Crawled caption data:
-- -- --

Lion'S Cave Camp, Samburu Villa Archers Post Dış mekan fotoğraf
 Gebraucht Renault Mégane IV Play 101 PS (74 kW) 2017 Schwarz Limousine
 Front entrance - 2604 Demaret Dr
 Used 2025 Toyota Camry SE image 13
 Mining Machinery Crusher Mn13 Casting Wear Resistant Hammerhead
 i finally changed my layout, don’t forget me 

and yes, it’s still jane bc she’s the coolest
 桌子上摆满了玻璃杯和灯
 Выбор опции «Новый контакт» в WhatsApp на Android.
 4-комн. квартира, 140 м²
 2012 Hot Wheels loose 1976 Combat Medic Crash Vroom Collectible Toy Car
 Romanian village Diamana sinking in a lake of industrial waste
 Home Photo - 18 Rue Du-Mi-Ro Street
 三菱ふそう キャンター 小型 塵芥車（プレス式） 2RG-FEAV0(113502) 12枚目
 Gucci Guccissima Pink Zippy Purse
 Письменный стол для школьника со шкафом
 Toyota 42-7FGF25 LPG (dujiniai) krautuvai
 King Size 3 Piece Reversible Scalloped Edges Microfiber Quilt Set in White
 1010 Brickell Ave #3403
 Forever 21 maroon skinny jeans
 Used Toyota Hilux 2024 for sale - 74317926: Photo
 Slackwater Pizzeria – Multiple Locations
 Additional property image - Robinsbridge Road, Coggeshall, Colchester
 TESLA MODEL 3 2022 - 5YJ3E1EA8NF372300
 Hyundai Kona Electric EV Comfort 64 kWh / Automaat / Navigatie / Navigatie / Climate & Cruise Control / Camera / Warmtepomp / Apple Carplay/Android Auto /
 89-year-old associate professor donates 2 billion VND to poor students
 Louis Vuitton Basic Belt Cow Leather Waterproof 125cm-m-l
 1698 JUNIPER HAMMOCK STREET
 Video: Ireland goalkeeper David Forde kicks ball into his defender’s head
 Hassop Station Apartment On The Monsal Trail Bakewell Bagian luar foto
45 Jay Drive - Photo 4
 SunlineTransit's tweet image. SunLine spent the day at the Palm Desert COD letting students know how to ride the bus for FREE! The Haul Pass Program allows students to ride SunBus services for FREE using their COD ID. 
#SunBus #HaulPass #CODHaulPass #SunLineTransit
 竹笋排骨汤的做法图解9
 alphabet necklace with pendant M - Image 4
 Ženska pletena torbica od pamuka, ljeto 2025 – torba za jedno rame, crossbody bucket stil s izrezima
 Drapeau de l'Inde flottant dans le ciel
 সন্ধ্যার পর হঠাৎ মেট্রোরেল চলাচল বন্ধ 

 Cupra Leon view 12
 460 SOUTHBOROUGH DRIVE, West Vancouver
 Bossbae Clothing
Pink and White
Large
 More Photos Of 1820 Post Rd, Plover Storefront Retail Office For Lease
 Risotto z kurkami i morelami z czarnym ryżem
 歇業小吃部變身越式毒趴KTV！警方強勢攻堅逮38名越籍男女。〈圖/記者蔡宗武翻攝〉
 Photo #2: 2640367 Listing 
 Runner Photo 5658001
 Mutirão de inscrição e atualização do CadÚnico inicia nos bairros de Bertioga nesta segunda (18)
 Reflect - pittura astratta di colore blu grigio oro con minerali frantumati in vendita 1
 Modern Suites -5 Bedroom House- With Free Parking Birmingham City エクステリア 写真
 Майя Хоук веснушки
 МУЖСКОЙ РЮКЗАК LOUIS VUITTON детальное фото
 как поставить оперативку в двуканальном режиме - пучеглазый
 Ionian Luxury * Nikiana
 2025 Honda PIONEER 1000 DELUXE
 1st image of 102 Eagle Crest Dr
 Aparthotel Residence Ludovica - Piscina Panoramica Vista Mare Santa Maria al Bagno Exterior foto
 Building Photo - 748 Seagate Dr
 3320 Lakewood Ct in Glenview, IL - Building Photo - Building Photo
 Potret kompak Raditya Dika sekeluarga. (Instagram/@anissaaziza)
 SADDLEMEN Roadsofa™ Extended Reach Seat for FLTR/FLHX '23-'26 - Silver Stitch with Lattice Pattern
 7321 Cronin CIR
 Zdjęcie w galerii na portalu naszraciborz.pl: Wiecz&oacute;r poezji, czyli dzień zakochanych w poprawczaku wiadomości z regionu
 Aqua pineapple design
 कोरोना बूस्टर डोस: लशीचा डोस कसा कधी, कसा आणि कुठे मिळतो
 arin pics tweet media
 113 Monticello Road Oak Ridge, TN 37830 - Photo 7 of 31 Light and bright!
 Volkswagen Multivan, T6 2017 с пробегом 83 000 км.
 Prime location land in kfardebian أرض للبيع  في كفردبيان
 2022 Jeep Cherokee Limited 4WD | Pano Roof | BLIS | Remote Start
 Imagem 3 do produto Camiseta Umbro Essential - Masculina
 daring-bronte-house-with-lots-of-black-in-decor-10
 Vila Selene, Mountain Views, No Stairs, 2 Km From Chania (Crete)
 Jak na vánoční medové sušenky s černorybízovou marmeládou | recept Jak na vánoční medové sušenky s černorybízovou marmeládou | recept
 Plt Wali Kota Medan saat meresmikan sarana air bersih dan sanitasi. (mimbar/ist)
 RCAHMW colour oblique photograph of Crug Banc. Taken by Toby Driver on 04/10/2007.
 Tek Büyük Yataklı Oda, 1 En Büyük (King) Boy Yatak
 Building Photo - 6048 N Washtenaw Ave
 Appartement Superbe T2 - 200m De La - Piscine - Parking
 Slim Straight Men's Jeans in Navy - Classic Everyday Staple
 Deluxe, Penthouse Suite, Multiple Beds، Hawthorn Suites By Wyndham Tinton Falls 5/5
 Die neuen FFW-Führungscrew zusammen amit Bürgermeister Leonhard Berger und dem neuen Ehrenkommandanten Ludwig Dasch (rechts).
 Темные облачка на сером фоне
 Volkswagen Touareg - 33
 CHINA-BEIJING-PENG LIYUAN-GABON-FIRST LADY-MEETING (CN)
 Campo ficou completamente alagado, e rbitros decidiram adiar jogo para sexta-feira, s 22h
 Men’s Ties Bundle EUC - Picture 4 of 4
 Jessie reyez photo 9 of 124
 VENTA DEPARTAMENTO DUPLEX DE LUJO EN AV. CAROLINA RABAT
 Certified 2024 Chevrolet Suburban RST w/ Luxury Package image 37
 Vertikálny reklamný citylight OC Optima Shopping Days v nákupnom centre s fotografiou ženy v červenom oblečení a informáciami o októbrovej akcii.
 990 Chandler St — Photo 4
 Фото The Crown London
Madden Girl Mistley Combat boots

-- -- --

Return each line from the records that includes the word "students".

Response to this exercise:
 89-year-old associate professor donates 2 billion VND to poor students
 SunlineTransit's tweet image. SunLine spent the day at the Palm Desert COD letting students know how to ride the bus for FREE! The Haul Pass Program allows students to ride SunBus services for FREE using their COD ID. 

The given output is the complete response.